-- TASK ITEM --
No line of the records may be dropped; print them all again exactly.

-- SUPPLIED DATA --
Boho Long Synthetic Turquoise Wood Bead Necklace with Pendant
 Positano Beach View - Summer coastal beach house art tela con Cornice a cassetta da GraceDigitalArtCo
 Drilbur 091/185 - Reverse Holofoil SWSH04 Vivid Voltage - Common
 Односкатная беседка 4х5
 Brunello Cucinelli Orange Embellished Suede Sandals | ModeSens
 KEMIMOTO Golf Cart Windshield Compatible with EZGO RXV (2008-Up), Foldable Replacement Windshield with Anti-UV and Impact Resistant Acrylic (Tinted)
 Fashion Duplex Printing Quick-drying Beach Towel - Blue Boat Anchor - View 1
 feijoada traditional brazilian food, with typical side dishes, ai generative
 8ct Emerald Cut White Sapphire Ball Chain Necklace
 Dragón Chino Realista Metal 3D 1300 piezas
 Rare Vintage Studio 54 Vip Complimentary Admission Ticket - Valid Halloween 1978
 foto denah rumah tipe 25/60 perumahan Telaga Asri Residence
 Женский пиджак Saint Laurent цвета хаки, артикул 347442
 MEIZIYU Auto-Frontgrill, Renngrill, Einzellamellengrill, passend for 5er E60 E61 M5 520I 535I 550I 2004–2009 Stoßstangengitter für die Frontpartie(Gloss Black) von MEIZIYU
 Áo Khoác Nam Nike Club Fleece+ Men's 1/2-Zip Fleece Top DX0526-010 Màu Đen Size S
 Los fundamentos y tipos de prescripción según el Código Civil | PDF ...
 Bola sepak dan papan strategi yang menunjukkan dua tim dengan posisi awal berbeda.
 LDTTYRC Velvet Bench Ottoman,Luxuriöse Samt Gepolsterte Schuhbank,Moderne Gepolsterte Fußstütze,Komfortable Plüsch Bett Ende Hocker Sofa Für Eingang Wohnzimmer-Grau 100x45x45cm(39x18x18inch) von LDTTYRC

-- EXPECTED ANSWER --
Boho Long Synthetic Turquoise Wood Bead Necklace with Pendant
 Positano Beach View - Summer coastal beach house art tela con Cornice a cassetta da GraceDigitalArtCo
 Drilbur 091/185 - Reverse Holofoil SWSH04 Vivid Voltage - Common
 Односкатная беседка 4х5
 Brunello Cucinelli Orange Embellished Suede Sandals | ModeSens
 KEMIMOTO Golf Cart Windshield Compatible with EZGO RXV (2008-Up), Foldable Replacement Windshield with Anti-UV and Impact Resistant Acrylic (Tinted)
 Fashion Duplex Printing Quick-drying Beach Towel - Blue Boat Anchor - View 1
 feijoada traditional brazilian food, with typical side dishes, ai generative
 8ct Emerald Cut White Sapphire Ball Chain Necklace
 Dragón Chino Realista Metal 3D 1300 piezas
 Rare Vintage Studio 54 Vip Complimentary Admission Ticket - Valid Halloween 1978
 foto denah rumah tipe 25/60 perumahan Telaga Asri Residence
 Женский пиджак Saint Laurent цвета хаки, артикул 347442
 MEIZIYU Auto-Frontgrill, Renngrill, Einzellamellengrill, passend for 5er E60 E61 M5 520I 535I 550I 2004–2009 Stoßstangengitter für die Frontpartie(Gloss Black) von MEIZIYU
 Áo Khoác Nam Nike Club Fleece+ Men's 1/2-Zip Fleece Top DX0526-010 Màu Đen Size S
 Los fundamentos y tipos de prescripción según el Código Civil | PDF ...
 Bola sepak dan papan strategi yang menunjukkan dua tim dengan posisi awal berbeda.
 LDTTYRC Velvet Bench Ottoman,Luxuriöse Samt Gepolsterte Schuhbank,Moderne Gepolsterte Fußstütze,Komfortable Plüsch Bett Ende Hocker Sofa Für Eingang Wohnzimmer-Grau 100x45x45cm(39x18x18inch) von LDTTYRC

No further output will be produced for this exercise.